### Assigned task
Render every line of the data exactly as written, and leave out the pictures.

### Source data
--------------------------------

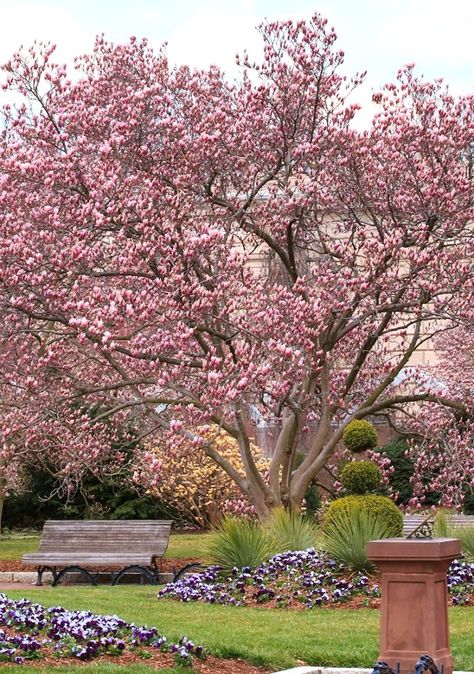 'Jane' Magnolia Tree Ornamental Trees Landscaping, Magnolia Tree Landscaping, Jane Magnolia Tree, Saucer Magnolia Tree, Magnolia Jane, Jane Magnolia, Purple Flower Arrangements, Purple Flower Background, Purple Flower Bouquet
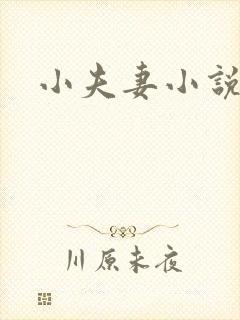 小夫妻小说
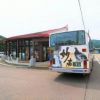 火打山登山口笹ヶ峰高原直行バスは7月10日(土)から運行中。ライチョウのラッピングは平日のみの運行のようです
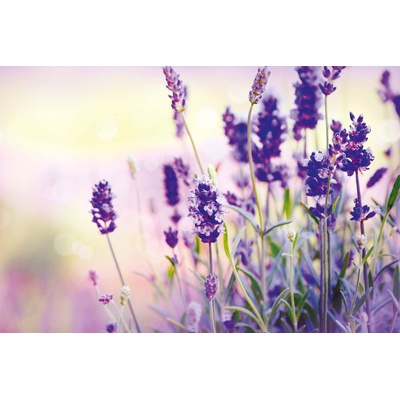 DIMEX ART Флизелинов фототапет лавандулово поле 375 x 250 см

--------------------------------

### Solution for this task
 'Jane' Magnolia Tree Ornamental Trees Landscaping, Magnolia Tree Landscaping, Jane Magnolia Tree, Saucer Magnolia Tree, Magnolia Jane, Jane Magnolia, Purple Flower Arrangements, Purple Flower Background, Purple Flower Bouquet
 小夫妻小说
 火打山登山口笹ヶ峰高原直行バスは7月10日(土)から運行中。ライチョウのラッピングは平日のみの運行のようです
 DIMEX ART Флизелинов фототапет лавандулово поле 375 x 250 см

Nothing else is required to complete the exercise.